Can anyone confirm/enlighten/elucidate ?


----------



## Techno100 (May 8, 2010)

Yes gone


----------



## Telbell (May 1, 2005)

Thanks Andy. Do you reckon if they were bought from a retailer, that retailer will honour any Warranty? (Sale of Goods Act and all that)


----------



## Stanner (Aug 17, 2006)

Telbell said:


> (Sale of Goods Act and all that)


If whoever you bought it from has gone so have your rights under the Sale of Goods Act, as your contract was with the departed and no one else.


----------



## Techno100 (May 8, 2010)

Yes as above. seller is only responsible for 12 months, further warranty was from Elecsol
I have 2 myself with 7 yr warranty but K sarasara


----------



## inkey-2008 (May 24, 2008)

It's a wonder they stayed in business so long, they were so rude and would not open letters etc. 

Andy


----------



## premiermotorhomes (Feb 13, 2008)

Good evening Telbell, 

The five year warranty offered by Elecsol was not a guarantee of longevity, its purpose was to cover you against manufacturing defects causing failure which is the same warranty all other battery manufacturers offer irrespective of years offered; the five year warranty was more of a marketing tool than a tangible benefit.
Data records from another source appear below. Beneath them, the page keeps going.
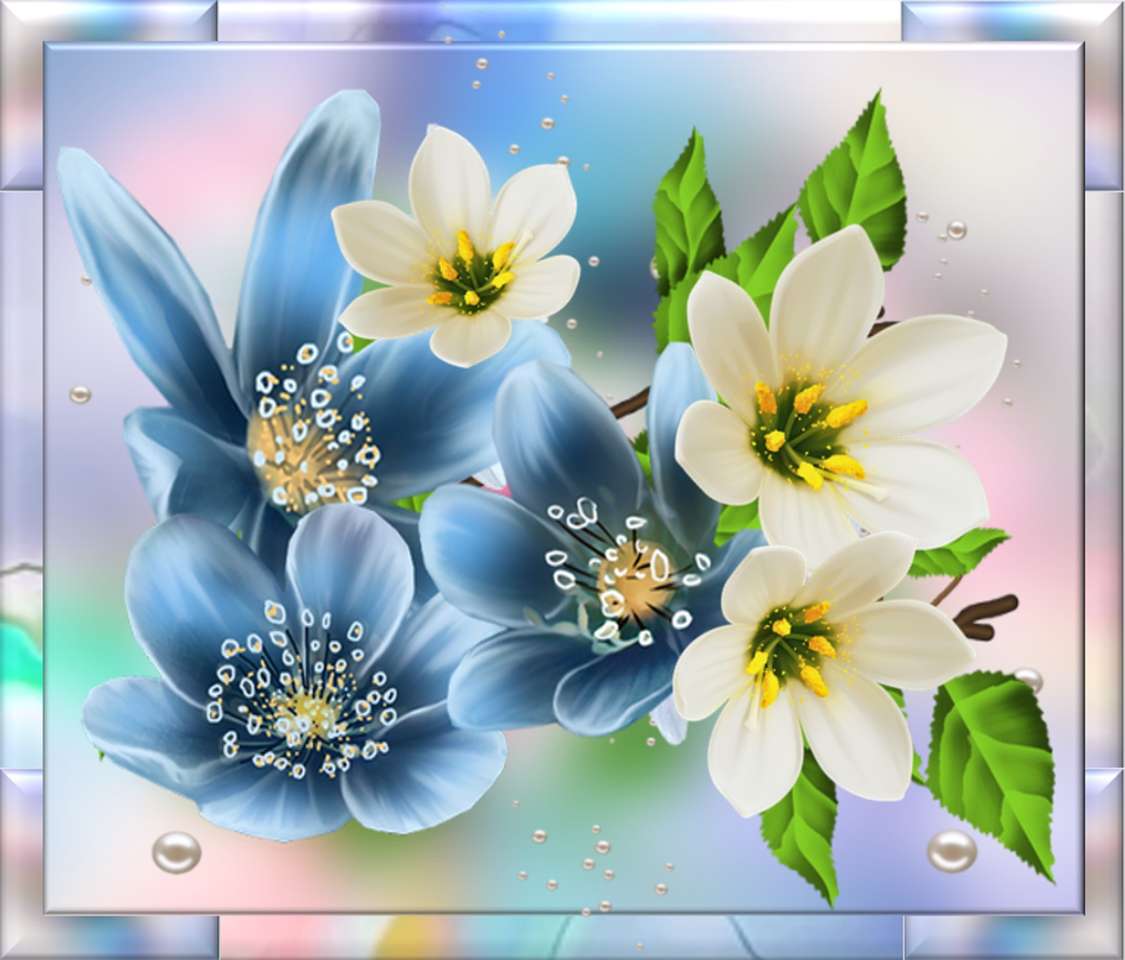 Bílo-modrá kytice skládačky online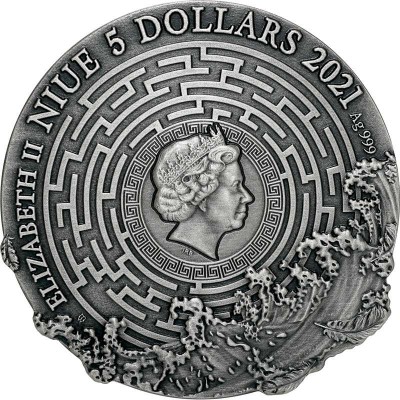 NIUE 2021 DAEDALUS AND ICARUS 2 OZ PURE SILVER COIN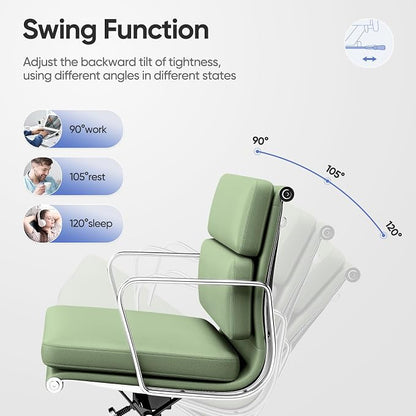 Genuine Leather Office Chair, Padded Mid Back Ergonomic Executive Desk Chair with Aluminum Arm Rest and Base, Swivel Wheels with Lumbar Support & Tilting Function, Hight Adjustable, Light Green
This extended warranty was only valid directly with Elecsol directly provided the warranty card was completed and submitted to them with proof of purchase however your statutory rights remain of course should you wish to pursue this with the retailer.

It is more likely, although not a given that external factors are more likely to cause failure; care and maintenance with a charging regime are very important with all batteries to maximise life and performance.

Possible causes of failure which could contribute to failure but would not be a direct fault of the battery are;

Overcharging
Faulty charger
Faulty solar regulator
Running the battery flat through use
Leaving the battery to run flat
Not topping up the cells on a maintanence battery
Exceeding the cyclic charge/discharge life
Incorrect battery choice, i.e. using high current products which are beyond the batteries design specification

To determine what caused a battery to fail requires it to be thoroughly tested, equipment many retailers don't carry due to its very high value but we can call on our battery supplier Manbat to test for us for example.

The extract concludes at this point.